2015 Murano uses an SD card so I'm trying to find out where I can purchase a new card. I can't find support for the Murano at the NaviExtra site.

I guess I'll talk to the dealer when I go back in for my ABS controller recall issue.


----------



## quadraria10 (Jul 6, 2010)

There would be nothing specific to the Murano about map software. There may be a licensing arrangement that precludes them from providing an update. What about buying a sd card w maps with I Go or some other nav program off ebay or somewhere, and then installing it and changing the nav path to it. I got mine from Hong Kong and had option of buying with free updates from NaviExtras.


----------



## AndyMac (Mar 19, 2009)

I must be missing something. Wouldn't I need an SD card that contained map data that was compatible with the software running in the Murano Navigation system? The car is still under warranty so I'm not willing to risk changing that out.


----------



## quadraria10 (Jul 6, 2010)

To the best of my knowledge Nissan uses a windows based operating system. I think yours uses WinCE 7. All of the map folders and the Nav software are routed through the micro SD card. The question will it be backward compatible with a WinCe 6 program. I can understand your fear of warranty, but I think its on par with inserting an older application CD into your new computer's dvd drive. But that doesn't apply to your concern because its about map updates, as opposed to changing your nav display program.

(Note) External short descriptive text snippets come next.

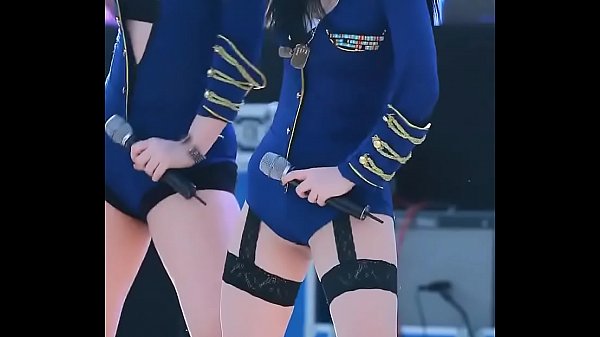 Asiaticas Shaking Their Asses And Getting Nasty On The Dance Floor
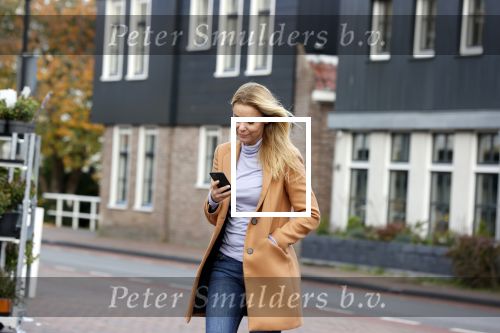 Landsmeer 5 november 2021
Froukje de Both op straat in Landsmeer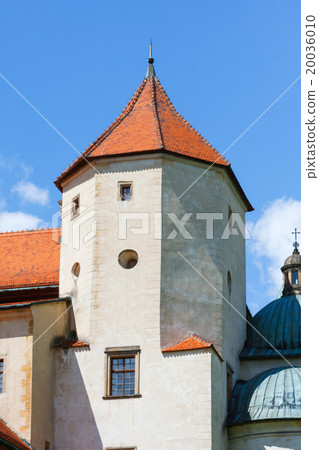 View of Nowy Wisnicz castle, Poland 20036010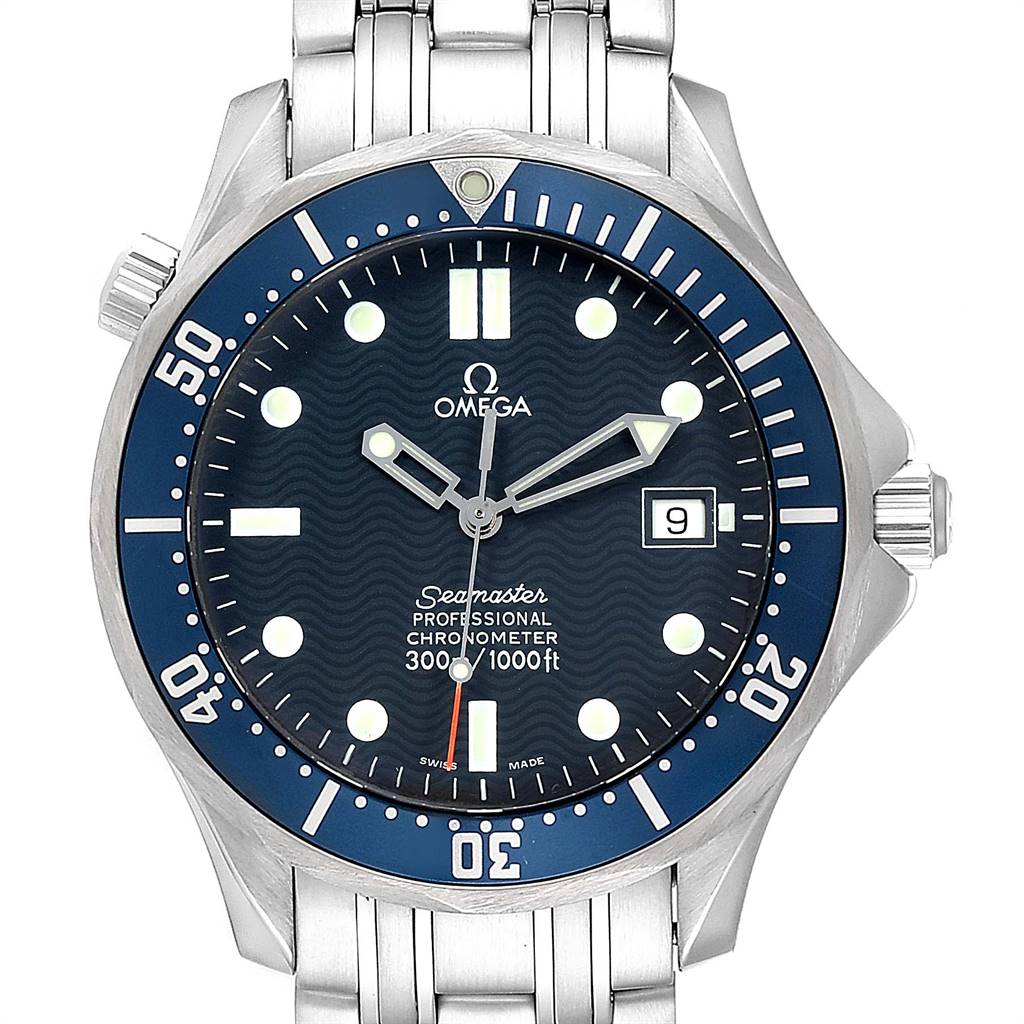 This image shows a front view of an Omega Seamaster 2531.80.00 Men
s Stainless Steel Blue Dial 2531.80.00 Men
s Stainless Steel Blue Dial watch, displaying the dial, bezel, hands, and part of the bracelet.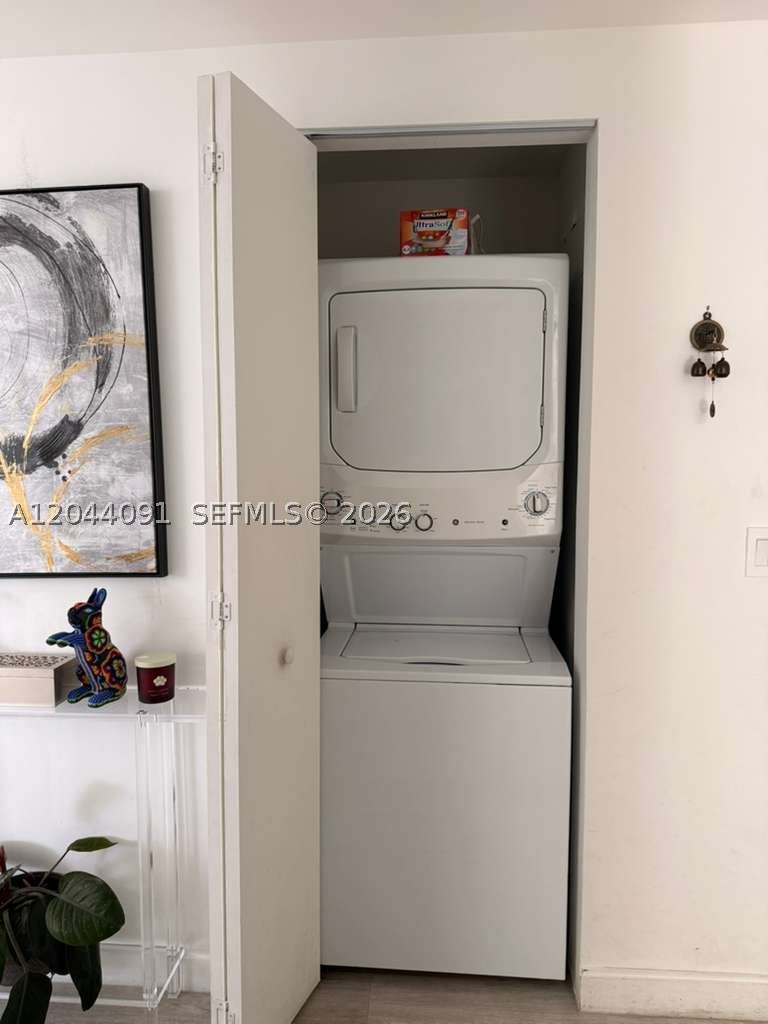 55 SW 9th St #2208 Miami, FL 33130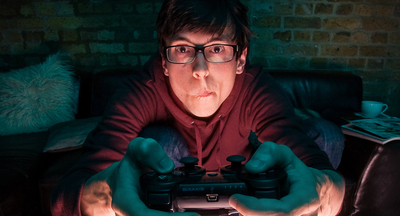 Испания занимает первое место в Европе по количеству подростков-игроманов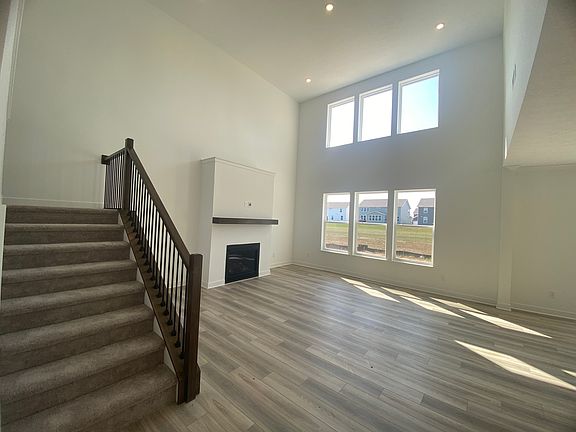 4th image of 3960 Canning St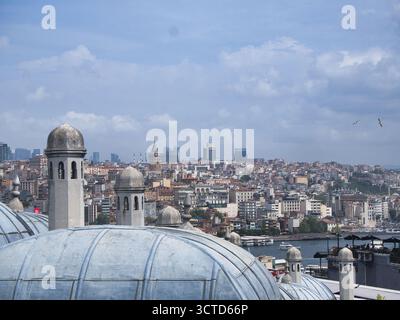 Mosque Domes over modern Istanbul - Panoramablick über Istanbuls dichtes Stadtbild, eingerahmt von historischen Moscheetuppeln und kontrastierendem Galatenturm W Stockfoto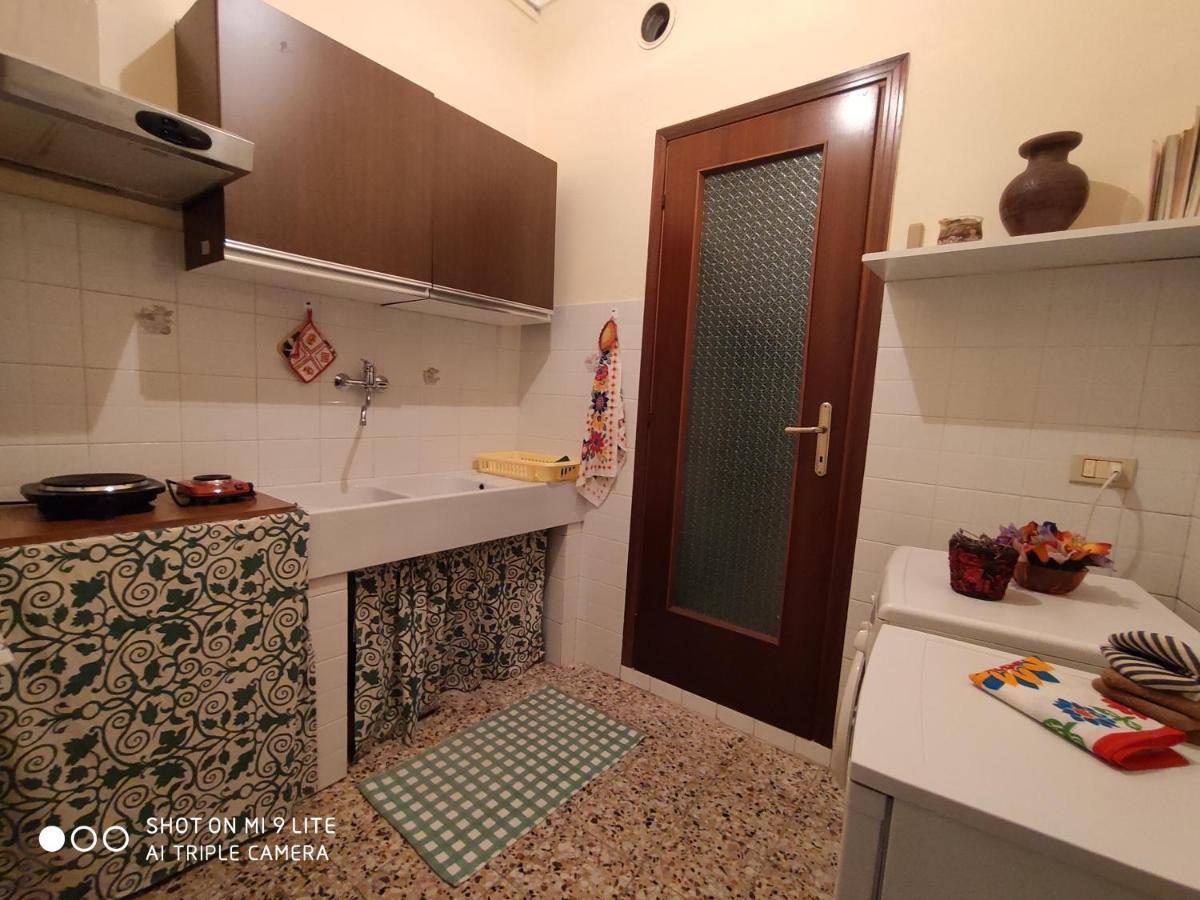 Ex Ostu Impero: Vino, Tartufo Ed Ospitalita Appartement La Morra Buitenkant foto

Map folders are for entire countries or continents. The moment they are released they are out of date. Complete updates are only done every year or two. You may not like how long it takes for updates to be released, but at least you know you have the most recent updates installed.


----------



## savadog (Aug 20, 2015)

I don't need a maps upgrade. The only place my 15 platinum goes is to the dealer. Now on it's 6th recall and waiting for parts. Just tried to trade it ion on another brand and they did not want it after looking at it's repair history


----------



## Texas Jerry (Feb 1, 2017)

*No Map Updates for 2015 Murano*

I have been in touch with Nissan Consumer Affairs and here is their answer:

Thank you for taking the time to contact Nissan North America and allowing us the opportunity to be of assistance. We are sorry to learn of your concerns regarding map updates and apologize for any frustration you may have been caused. 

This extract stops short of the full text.